In a Blow to the FCC, Court Suggests Net Neutrality Is a Major Question That Congress Should Decide

Earlier this year, the Federal Communications Commission (FCC) reclassified broadband as a common carrier service subject to Title II requirements originally designed to discipline the landline telephone system. By doing so, the agency reversed a 2018 decision that determined broadband was better classified as a Title I information service—a decision that itself overturned a 2015 Title II order, which had in turn reversed earlier Title I proclamations. But on August 1, the Sixth Circuit stayed this latest swing of the regulatory pendulum. The court suggested that the FCC likely exceeded its authority because the proper regulatory treatment was a major question that should be decided not by the agency, but by Congress.

Via Reuters

The decision relies primarily on the Major Questions Doctrine. This is a judicial doctrine developed over the past quarter-century in response to agencies purporting to discover broad regulatory authority in ambiguous, often old statutory language. The Major Questions Doctrine presumes that Congress, not agencies, should ordinarily resolve questions of “vast economic and political significance.” It recognizes that sometimes the legislature may choose to delegate this authority to an agency. But for an agency to claim authority to decide a major question, it must show Congress has clearly allowed it to do so, not merely that some stray statutory language might suggest it. As the Supreme Court has explained, courts presume the legislature “does not…hide elephants in mouseholes.”

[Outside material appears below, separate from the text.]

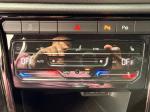 volkswagen-t-roc-2022-gasolina-999cc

I and many others have long argued that net neutrality presents a major question. Broadband access is economically significant, as reflected not just by the importance of the internet economy to everyday life, but also the billions of dollars that the government has spent on access subsidies. And the millions of comments filed in each subsequent FCC proceeding testify to the political significance of the topic.

Given these facts, the court is likely correct that this is a major question upon which Congress has not clearly spoken. When Congress adopted the Telecommunications Act in 1996, only about half of Americans had internet access, and most of those were through dial-up. The Act focused primarily on how to manufacture competition among local landline telephone companies—remember those?—a mission that has long been obsolete to most consumers. The Act only makes a few passing references to the Internet at all, mostly involving a provision regulating of online pornography that the Supreme Court struck down as unconstitutional, and Section 230, which among other things states Congress’s policy “to preserve the vibrant and competitive free market that presently exists for the Internet and other interactive computer services, unfettered by Federal or State regulation.”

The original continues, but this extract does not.